We have been studying the book of Acts on Wednesday nights, and, for several weeks now, we have considered the events of Pentecost recorded at the beginning of the book: the Holy Spirit is poured out, empowering the disciples to speak in languages they had never learned; a questioning crowd gathers in response; Peter preaches the first gospel sermon, that Jesus has been raised from the dead and declared to be Lord and Christ by God; and forgiveness of sins and the gift of the Holy Spirit is offered to those who believe this message, repent, and are immersed into the name of Jesus. As a result, some 3,000 respond and are added to the church.
The end of the chapter, 2:42-27, offers a summary statement of life in this new community of believers. We examined this passage this past week, though we did not quite make it through all the material I intended. But that merely presents an opportunity for a lesson that would have been missed by those not in the class who are now reading this article.
Luke tells us that the Jerusalem church devoted themselves to the apostles’ teaching and the fellowship, to the breaking of bread and the prayers (Acts 2:42). These are all familiar actions to us, to the point that that I fear we can take them for granted. Yet these early Christians reoriented their lives around these activities. And there is real danger in neglecting any of them.
When the church is not steeped in the apostolic teaching – for us, not delivered directly but mediated through the Scriptures – it ends up shaped by culture rather than Christ, with a thin veneer of Jesus to give authority to whatever is popular. When the church does not share in life together, individuals live in isolation, rather than in the edifying community God intended for his people. When the church does not value the breaking of bread – that is what we typically call the Lord’s Supper – it fails to proclaim the very act of God, the death and resurrection of Christ, that called it into existence. When the church does not practice fervent prayer, it ignores the powerful access God has given to his children as their Father.
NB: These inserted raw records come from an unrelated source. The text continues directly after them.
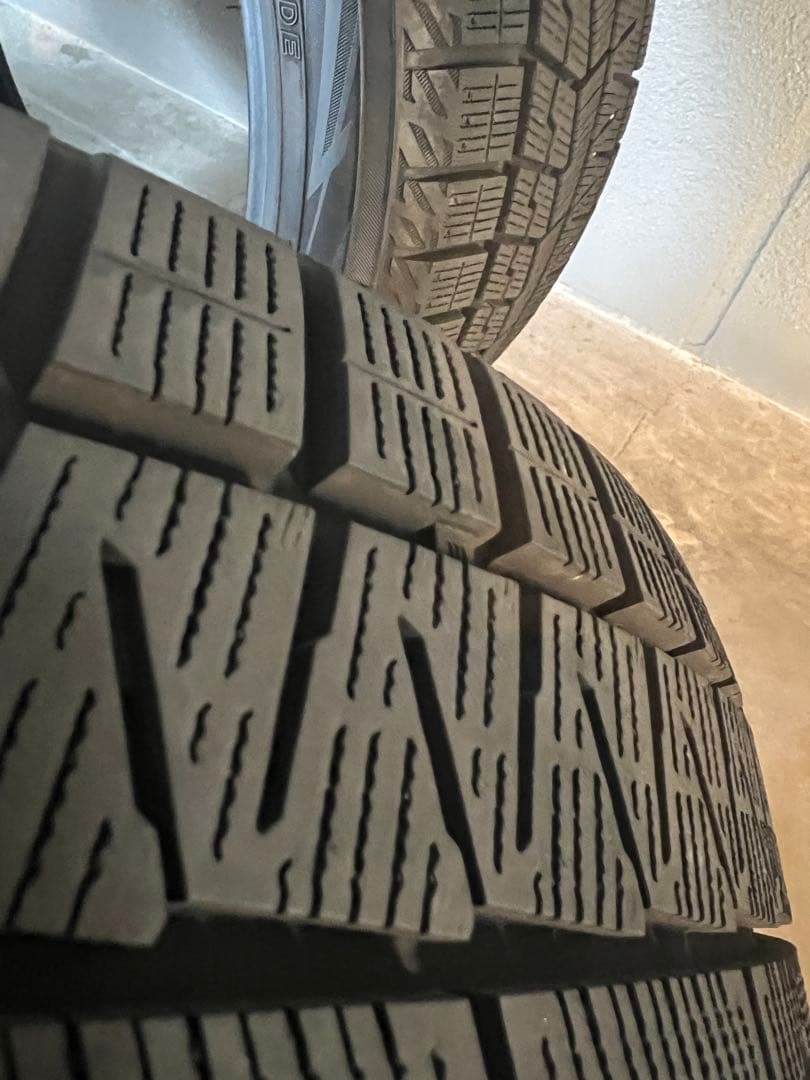 【25年製】 225/45/R18 ヨコハマアイスガード7 ig70スタッドレス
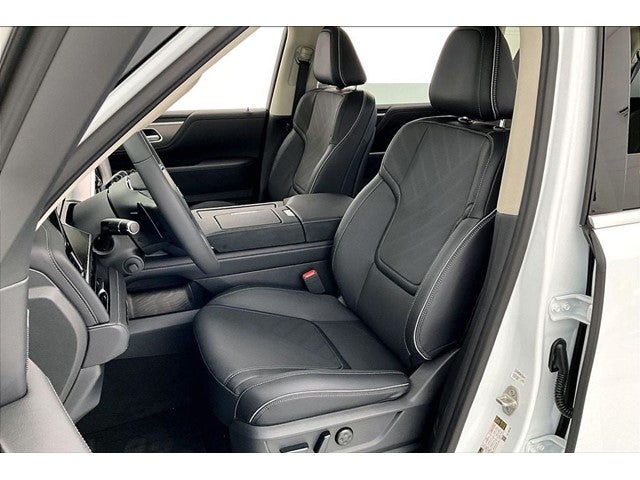2027 INFINITI QX80 LUXE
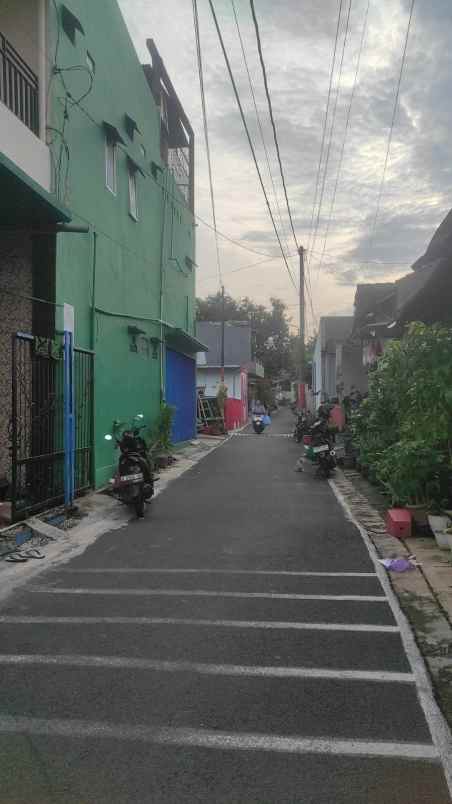 dijual kost full penghuni di ketileng semarang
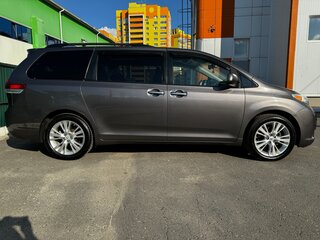 2010 Toyota Sienna III, серый, 2090000 рублей, вид 4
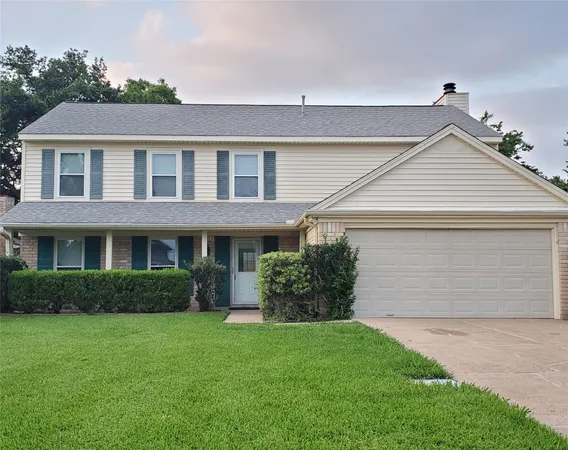 $2,200 | 3323 Green Fields Drive, Sugar Land, TX 77479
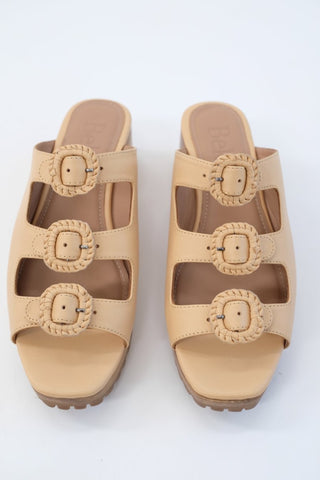 Buckle Clog Sandal - Pretzel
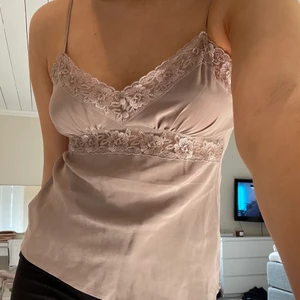 Gullig topp - Superfin topp med spetsdetaljer från HM🤍aldrig använd, kostar 100 kr+ frakt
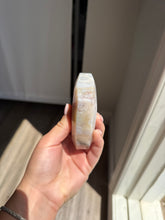 Load image into Gallery viewer, Flower Agate Heart 35PKR
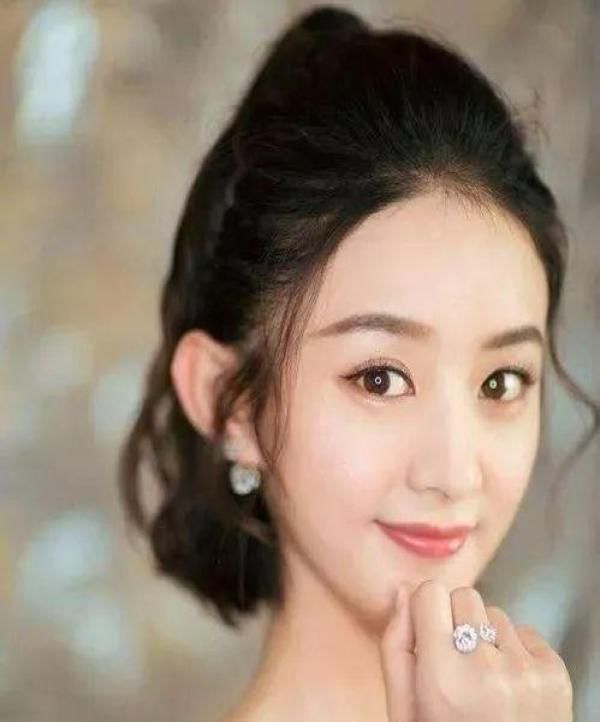 饱受发际线过高困扰的问题!发际线低的妹子你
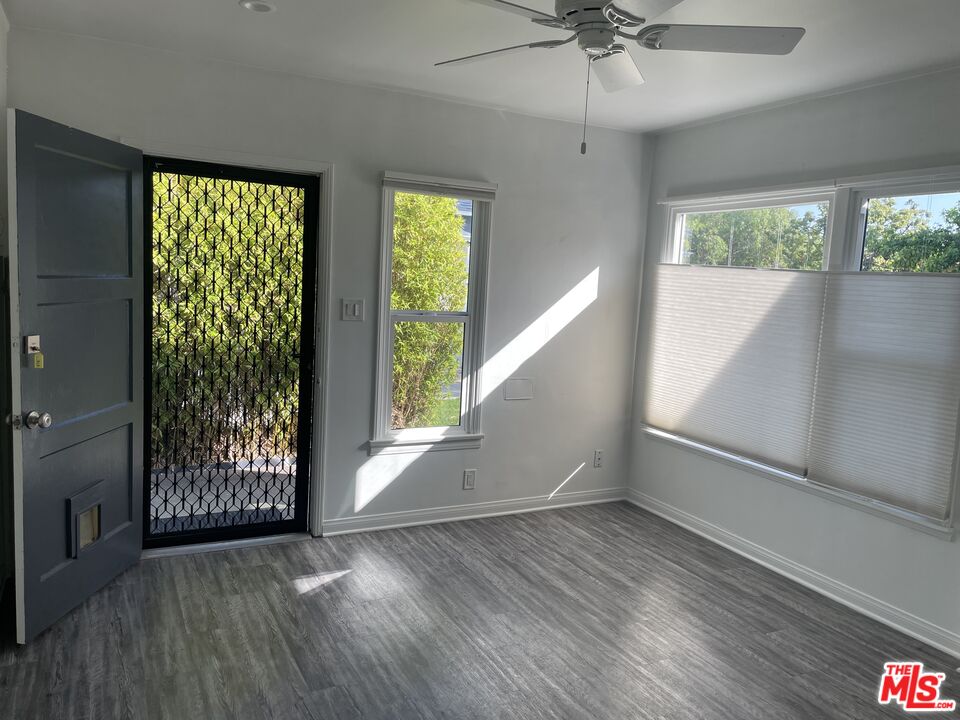 216 6th AVE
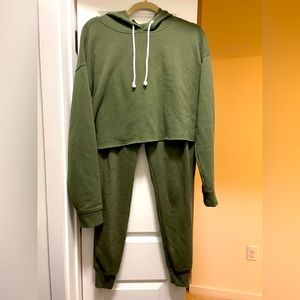 Wild Fable cropped hoodie and jogger set
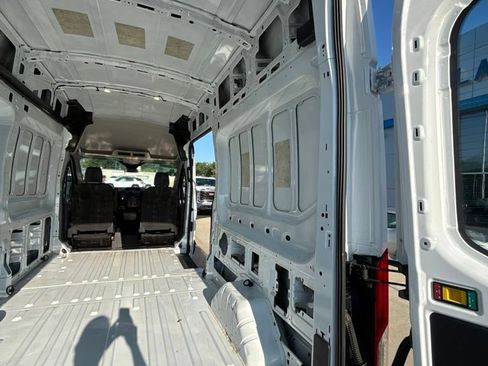 Used 2017 Ford Transit 350 148 High Roof RWD image 17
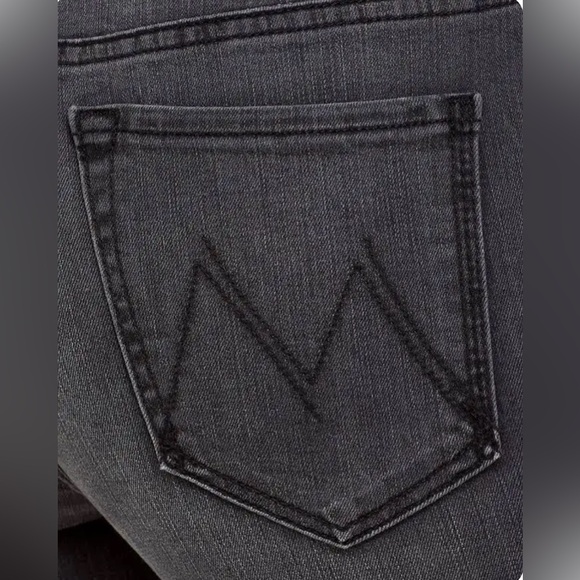 MOTHER Sz 24 High Waisted Looker Ankle Fray in Lighting Up Lantern Black Denim - Picture 3 of 12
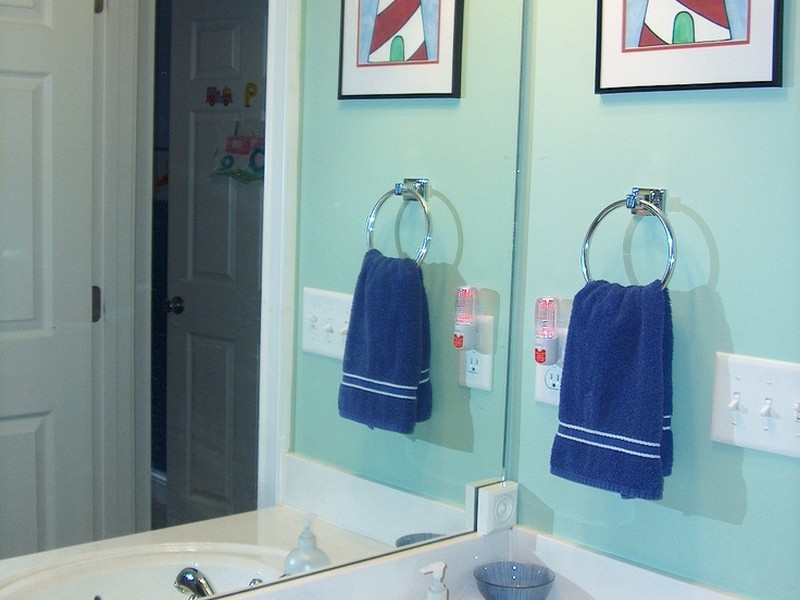 Nautical Style Bathrooms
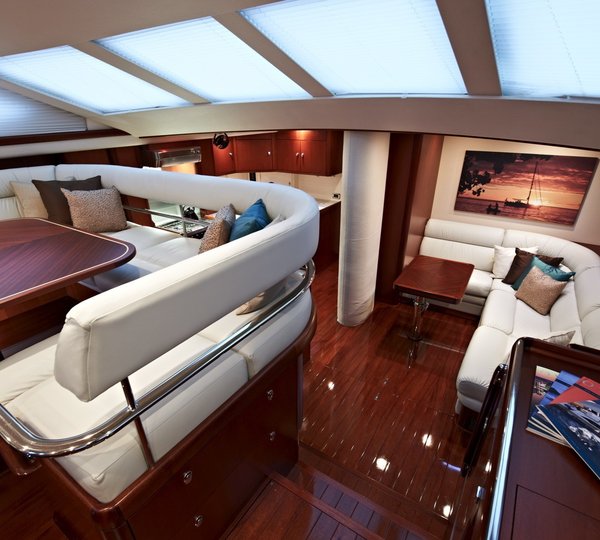 The 25m Yacht TILLY MINT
The unfortunate truth is that, while we practice all of these things, we are a pale reflection of those halcyon days in Jerusalem. Does our concern for the apostles’ teaching inspire us to be fervently evangelistic like those in Jerusalem? Even after they were scattered by persecution, they went everywhere preaching the word (Acts 8:1-4). Does our love for the Lord transcend material things, to the point that our fellowship extends even to a willingness to share all we have with our brothers and sisters (2:44-45)? Do we celebrate the Lord’s Supper as the high point of our assembly, an enacted sermon that tells who we are and what Jesus has done for us, or is it a ritual we go through thoughtlessly? Are our prayers like those of the early church, recorded as praying together all throughout Acts?
If we are honest, I think we must admit we often do not measure up. I don’t mean that primarily as an indictment – we must remember that MANY churches in the 1st century fell short of this model, and they were still God’s people! But it should challenge us to always be striving after what God would have us to be.
The larger point is that this new way of life resulted in them having favor with all the people.And the Lord added to their number day by day those who were being saved (2:47). You see, when the church practices these things, it is not just beneficial for us. There is an attractiveness, an energy, that draws outsiders in. They were praising God, they were organizing their lives around each another and prayer and God’s word. And God added to their numbers daily.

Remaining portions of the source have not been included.